Lesson 3 - Hands-On with MongoDB

Welcome to MongoDB

In Lesson 2 you learned what NoSQL is and when to use it. Now you put document databases to work. MongoDB is the most popular NoSQL database, and if you are coming from SQL it can feel like learning a new language — so this lesson is fully hands-on. You will see exactly how document databases solve real data engineering problems.

Here is the scenario you will build around. You are a data engineer at a growing e-commerce company. Your customer review system started simple: star ratings and text in a SQL database. But success brought complexity. Marketing wants verified-purchase badges. The mobile team is adding photo uploads. Product management is launching video reviews. In SQL, each change means a schema migration that takes hours across millions of rows. This is the schema evolution problem that drives data engineers to NoSQL — and you are about to watch MongoDB make it disappear.

By the end of this lesson, you will be able to:

  • Set up a MongoDB Atlas cluster and configure access
  • Insert flexible documents and evolve the schema with zero migrations
  • Query documents with field matches, operators, and existence checks
  • Build aggregation pipelines that answer real business questions
  • Connect MongoDB to Python with PyMongo for a complete data pipeline

You only need a little Python comfort. Let’s get started.

Data for this lesson

Platform: MongoDB (via MongoDB Atlas + Compass).

Data: you’ll create your own database and collections during the lesson — no SQL tables and no download needed.


Setting Up MongoDB Atlas

You will use MongoDB Atlas, MongoDB’s managed cloud service. Atlas mirrors how you would deploy MongoDB professionally, and it is fast to set up so you get straight to the concepts. (You could install MongoDB locally instead, but Atlas keeps the setup out of your way.)

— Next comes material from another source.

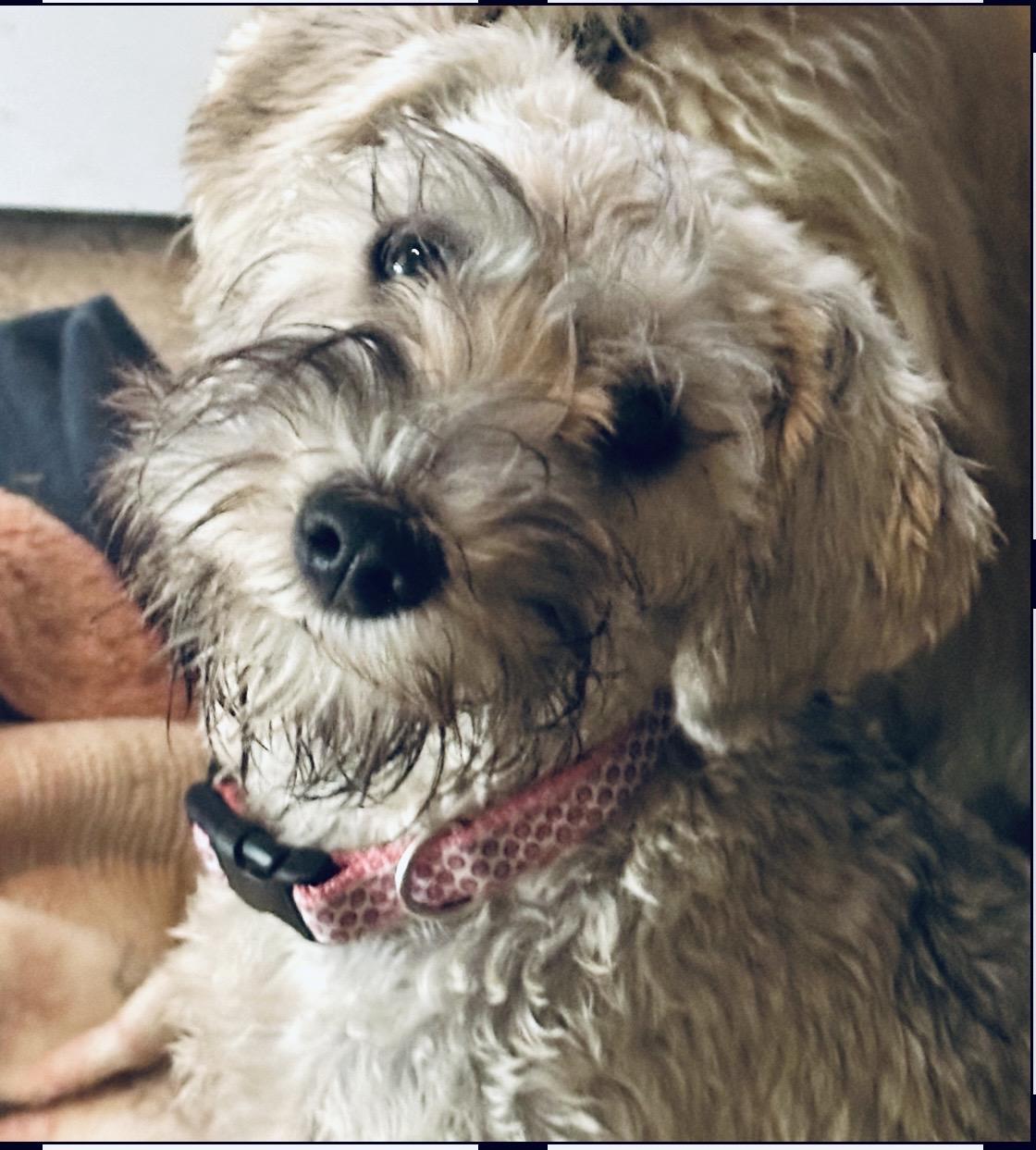 Enlarge Mia, an adopted Miniature Schnauzer in Huntington Beach, CA image 1/5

Create your account and cluster

Go to MongoDB’s Atlas page and create a free account — no credit card required. The free tier gives you 512 MB of storage, more than enough for learning and even small production workloads.

Click Build a Database and choose the free shared cluster. Pick any cloud provider and a region near you; the defaults are fine because you are learning concepts, not optimizing performance. Name the cluster something simple like learning-cluster and click Create.

Configure access: user and network

While Atlas builds your cluster — yes, even the free tier is distributed across multiple servers — you configure two things: a database user and network access.

For the database user, click Database Access in the left menu and add a user. Choose password authentication, create credentials you will remember, and set permissions to Read and write to any database.

For network access, click Network Access. Atlas may have configured this during signup. If not, click Add IP Address and choose Allow Access from Anywhere for now.

Learning settings are not production settings

“Read and write to any database” and “Allow Access from Anywhere” are convenient for learning, but they are not production practices. In production you would restrict network access to specific IP addresses and limit each user to only the databases and permissions they need. Atlas provides the security features — it is on you to configure them.

Connect with Compass

Your cluster is ready in about three minutes. Click Connect on the cluster, then choose MongoDB Compass — MongoDB’s GUI for exploring data visually. Download Compass if needed, then copy your connection string. It looks like this:

mongodb+srv://myuser:<password>@learning-cluster.abc12.mongodb.net/

Replace <password> with your actual password and connect. On success you will see your cluster with a few pre-populated databases like admin, local, and maybe sample_mflix (MongoDB’s demo movie data). Those are system and sample databases — you will create your own next.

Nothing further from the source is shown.